The pull cord is free moving when it is taken off the engine and the start in gear mechanism looks like it is working properly.
I took the cylinder head off and the piston and bore look fine. Tonight I tried to take the lower unit off and it won't budge. I took the two lower bolts off and loosened the shift linkage under the grommet.
The lower unit will twist slightly from side to side but I just can't get it to lower any. I've tried gentle taps with a rubber mallet all round the gear case and it won't budge.
Is the difficulty in dropping the lower unit, related to the seizing maybe?
Any pointers in getting the lower unit off or generally troubleshooting this issue?
If you remove the pull cord assy and maualy turn flyweel clockwise in neutral, will the flyweel move freely, or it's only stuck when in gear. A very bad issue not to rinse with fresh water after use as this small engine has very small water passages, put a bucket of water under tail to flush with engine on for 5 minutes. Or get the flush adapter attached to engine by water hose, no need to turn engine on as this model does not have a thermostat to open to clean interior head water passages.
it could very well be the foot seized up, if it were me i would try to pour some marvals mystery oil in the cylinder and let if sit for a day or so and see if it frees up the top end if that is what is eized ne how
it could very well be the foot seized up, if it were me i would try to pour some marvals mystery oil in the cylinder and let if sit for a day or so and see if it frees up the top end if that is what is eized ne how
What he said... Marvels is the only thing I've ever seen free a seized motor....just pull the plugs of and pour some in..
Bullbat, what do you mean 'the foot' has siezed up. I'm not familiar wth that term.
I had a look on the marvals mystery oil site and I don't see any evidence of it being available over here in the UK, but there might be something similar. I'll have a look around. Thanks for that.
I got the lower unit off at last. The motor still wont budge with it off.
One problem I have now is that I accidently moved the shift rod when I was carrying the lower unit and I felt the gear box change gear. I thought that it would be a simple matter of pulling or pushing on the shift rod to move through the gears. If I do this on mine there is some up and down slack on the rod but there is no gear changing happening.

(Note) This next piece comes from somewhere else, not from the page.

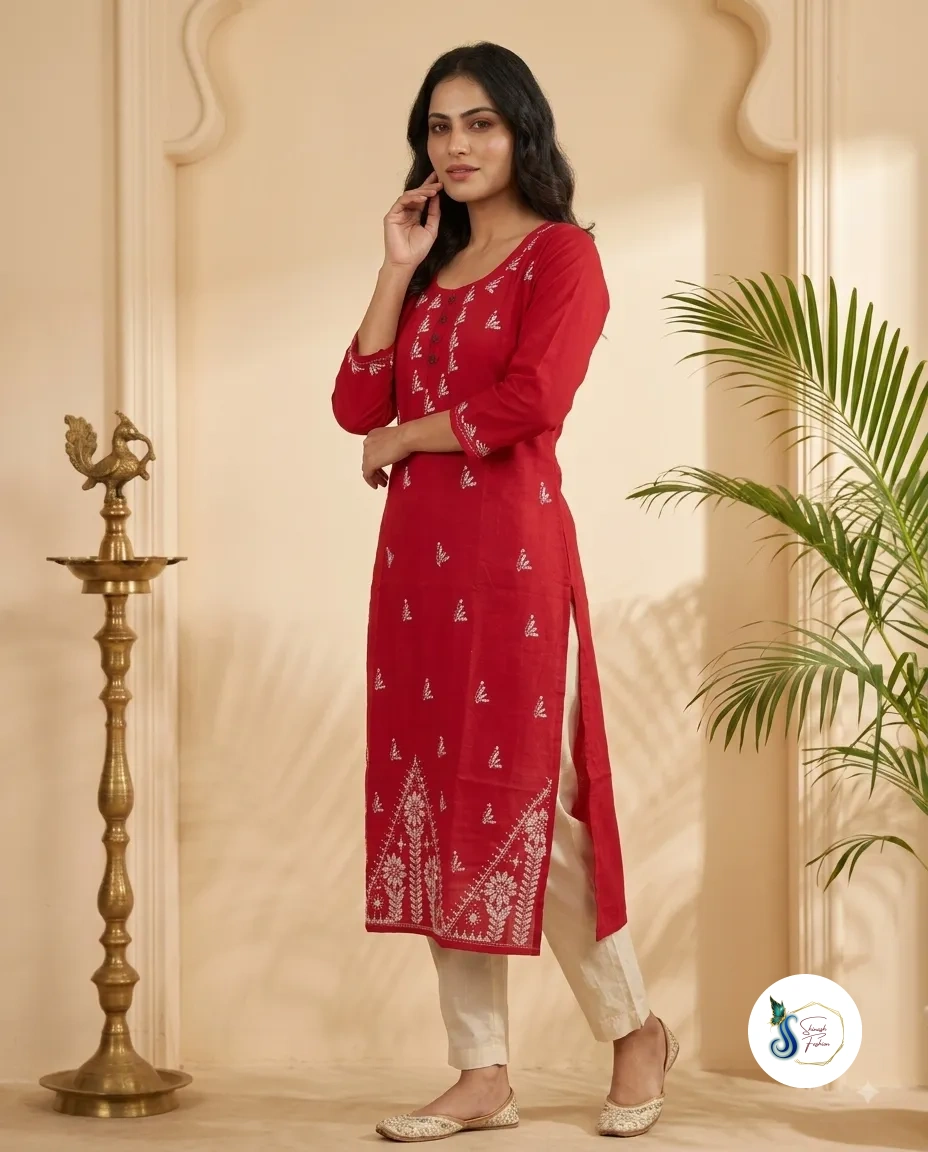 Ruhani Red Pure Cotton Kantha Handwork Kurti - Image 3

Any ideas on this guys?
Also is it a bad idea to move the prop by hand 'the wrong way' if the lower unit is in a particular gear?

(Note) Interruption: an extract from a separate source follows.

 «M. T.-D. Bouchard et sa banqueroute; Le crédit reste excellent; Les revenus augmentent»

I called the local Mainer dealer today to find out the price of a new powerhead. Stupidly expensive compared to the price of a new engine. The tech thought that the crank bearings could have siezed.
Does this sound like it could be it?
If it is my next question is how this could have happened? Is there maybe something up with the lubrication in the motor that could cause this?
I took the power head off and found that the part where the drive shaft enters the engine to be packed solid with salt. The shaft must normally spin freely in this collar.
I've attached some pictures of the problem.
Is it normal for salt water to be in this area?
There is also black tar like stuff on the collar. I'm thinking that this is from the exhaust.
If I replace this part will the engine be fixed or could there be something else going on?
You said that the drive shaft don't rotate, but is the crankshaft free now? Can you now turn the flywheel by hand?
If you look where the splines of the driveshaft enter into the crankshaft, does the seals look good?
Because if you answer yes to theses questions, you may be ok by replacing the driveshaft housing. But you'll also have to be sure that the water cooling passage are clear...
If it don't rotate freely and/or salt corrosion enter into the crankcase by the lower seal, you'd be better to simply throw it in the garbage...
Yes, the motor is totally free now. The piston is moving beautifully with the slightest touch of the fly wheel. The lower seal looks good so I think the new drive shaft housing might to the trick.
The cooling pasages have some salt present and they are tiny. I'm going to clear these out with a probe and maybe get something that will dissolve salt.